Long live Revis Island. The final four words of Darrelle Revis’ retirement announcement via Twitter said it all, and will continue to do so.
When one thinks of Revis patrolling an NFL field for 11 seasons, the term immediately jumps to mind; Revis Island. It was the toughest place on earth to penetrate, and most didn’t dare try. It was the football version of Fort Knox.
Now, Revis goes into the next phase of his life both wealthy beyond words and with a Super Bowl ring to boot. While the Aliquippa native will largely be remembered for his time with the New York Jets, it was a sterling performance with the New England Patriots that brought home the hardware.

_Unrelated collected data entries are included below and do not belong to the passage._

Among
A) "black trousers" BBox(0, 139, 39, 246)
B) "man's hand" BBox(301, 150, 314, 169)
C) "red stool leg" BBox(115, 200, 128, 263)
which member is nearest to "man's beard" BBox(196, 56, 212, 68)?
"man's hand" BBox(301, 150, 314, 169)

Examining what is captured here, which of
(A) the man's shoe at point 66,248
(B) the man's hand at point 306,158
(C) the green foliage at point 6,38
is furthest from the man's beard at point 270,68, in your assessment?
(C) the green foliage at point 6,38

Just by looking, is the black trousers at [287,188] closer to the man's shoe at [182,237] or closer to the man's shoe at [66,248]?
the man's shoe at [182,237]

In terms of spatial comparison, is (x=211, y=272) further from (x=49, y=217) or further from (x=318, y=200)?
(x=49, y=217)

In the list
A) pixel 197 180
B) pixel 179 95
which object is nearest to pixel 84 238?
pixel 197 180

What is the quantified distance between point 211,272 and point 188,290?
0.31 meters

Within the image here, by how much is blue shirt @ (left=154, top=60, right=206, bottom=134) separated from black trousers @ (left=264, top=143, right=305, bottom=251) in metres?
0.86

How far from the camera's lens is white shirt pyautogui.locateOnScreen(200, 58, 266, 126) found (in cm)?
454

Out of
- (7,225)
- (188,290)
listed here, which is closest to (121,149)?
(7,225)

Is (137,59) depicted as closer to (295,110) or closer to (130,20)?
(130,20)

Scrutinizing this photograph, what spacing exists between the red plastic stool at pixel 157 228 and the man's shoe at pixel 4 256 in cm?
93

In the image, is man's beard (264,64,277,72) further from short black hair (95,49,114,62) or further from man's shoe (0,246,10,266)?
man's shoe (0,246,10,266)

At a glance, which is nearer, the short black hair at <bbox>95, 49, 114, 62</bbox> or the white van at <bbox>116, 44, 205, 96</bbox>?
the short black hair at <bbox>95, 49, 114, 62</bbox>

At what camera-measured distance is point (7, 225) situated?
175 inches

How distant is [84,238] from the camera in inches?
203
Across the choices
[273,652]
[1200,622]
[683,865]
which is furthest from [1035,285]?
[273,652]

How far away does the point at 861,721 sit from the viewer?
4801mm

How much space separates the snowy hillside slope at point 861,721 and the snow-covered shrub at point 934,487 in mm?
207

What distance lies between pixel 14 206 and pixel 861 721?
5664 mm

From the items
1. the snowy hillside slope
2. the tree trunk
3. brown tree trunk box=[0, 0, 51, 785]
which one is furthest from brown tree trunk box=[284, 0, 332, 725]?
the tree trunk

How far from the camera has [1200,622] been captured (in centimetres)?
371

Revis, 33, was the most brilliant cover-corner of his generation. He’s arguably the greatest pure shutdown corner in league history, considering the era he played in, benefiting receivers at every turn. Some will argue that he flamed out over time, that he got lazy in his later years, and he did. Revis wasn’t the same player in Kansas City that he was in New York, due to a mixture of Father Time and a lack of hustle.

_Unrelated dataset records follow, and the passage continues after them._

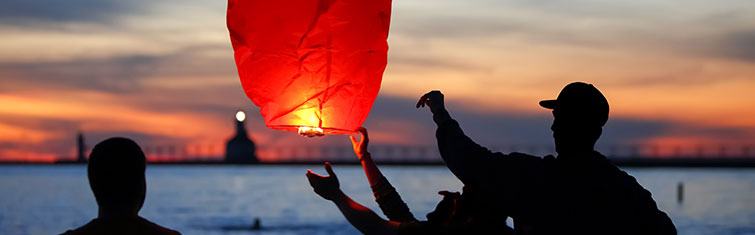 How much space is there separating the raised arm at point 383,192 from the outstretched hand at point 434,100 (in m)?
0.60

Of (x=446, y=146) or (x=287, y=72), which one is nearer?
(x=446, y=146)

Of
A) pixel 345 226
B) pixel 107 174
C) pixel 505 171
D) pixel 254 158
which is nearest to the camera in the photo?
pixel 107 174

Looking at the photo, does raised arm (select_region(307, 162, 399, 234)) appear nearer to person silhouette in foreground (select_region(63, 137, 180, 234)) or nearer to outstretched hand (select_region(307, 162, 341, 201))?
outstretched hand (select_region(307, 162, 341, 201))

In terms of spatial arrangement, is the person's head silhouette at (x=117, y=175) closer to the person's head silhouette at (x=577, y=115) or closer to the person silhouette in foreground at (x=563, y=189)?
the person silhouette in foreground at (x=563, y=189)

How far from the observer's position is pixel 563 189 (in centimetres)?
242

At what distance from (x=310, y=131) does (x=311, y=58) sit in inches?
10.5

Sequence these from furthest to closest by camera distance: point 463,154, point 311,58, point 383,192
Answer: point 383,192
point 311,58
point 463,154

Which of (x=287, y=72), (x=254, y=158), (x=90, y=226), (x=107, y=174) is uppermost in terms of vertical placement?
(x=287, y=72)

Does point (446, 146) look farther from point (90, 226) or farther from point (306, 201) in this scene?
point (306, 201)

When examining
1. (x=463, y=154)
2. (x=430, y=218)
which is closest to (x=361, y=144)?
(x=430, y=218)

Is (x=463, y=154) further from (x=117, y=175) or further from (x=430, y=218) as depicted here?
(x=117, y=175)

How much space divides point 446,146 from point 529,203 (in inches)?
10.5

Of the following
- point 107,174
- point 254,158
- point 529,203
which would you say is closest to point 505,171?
point 529,203

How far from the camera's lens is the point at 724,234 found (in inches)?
1748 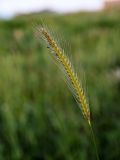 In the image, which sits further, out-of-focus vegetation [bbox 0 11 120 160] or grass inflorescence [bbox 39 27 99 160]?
out-of-focus vegetation [bbox 0 11 120 160]

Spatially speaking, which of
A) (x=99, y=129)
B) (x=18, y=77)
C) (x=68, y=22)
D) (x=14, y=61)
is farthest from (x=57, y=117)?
(x=68, y=22)

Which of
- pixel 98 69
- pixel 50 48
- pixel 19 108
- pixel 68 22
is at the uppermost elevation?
pixel 50 48

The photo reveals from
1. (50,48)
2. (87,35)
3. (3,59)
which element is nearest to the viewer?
(50,48)

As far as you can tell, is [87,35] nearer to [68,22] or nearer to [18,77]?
[68,22]

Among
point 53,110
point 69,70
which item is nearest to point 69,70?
point 69,70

Still, his body of work speaks for itself. At his apex, Revis was the most devastating defensive player in the league, erasing one half of the field. He was the catalyst for the Jets reaching consecutive AFC Championship Games, only to be undone by a stubborn coach and lousy quarterback.
After a non-descript year in Tampa Bay, Revis landed with the Patriots and found his championship in 2014. It was also the fourth and final of his First-Team All-Pro years, showcasing a brilliance that lasted close to a decade. In five years, Revis will walk into Canton with a resumè almost unmatched, notching the aforementioned All-Pro accolades and seven Pro Bowl berths.
If history looks back and remembers anything of Revis, it should be this; nobody was more feared. In a time of unprecedented passing totals, teams willingly threw less with the knowledge that No. 24 loomed. For much of his career, Revis played in a system that constantly blitzed, leaving him in a true man-to-man scheme.
Unlike so many corners who have and had help — even the great ones — Revis played on his own aptly-named island, and he dominated.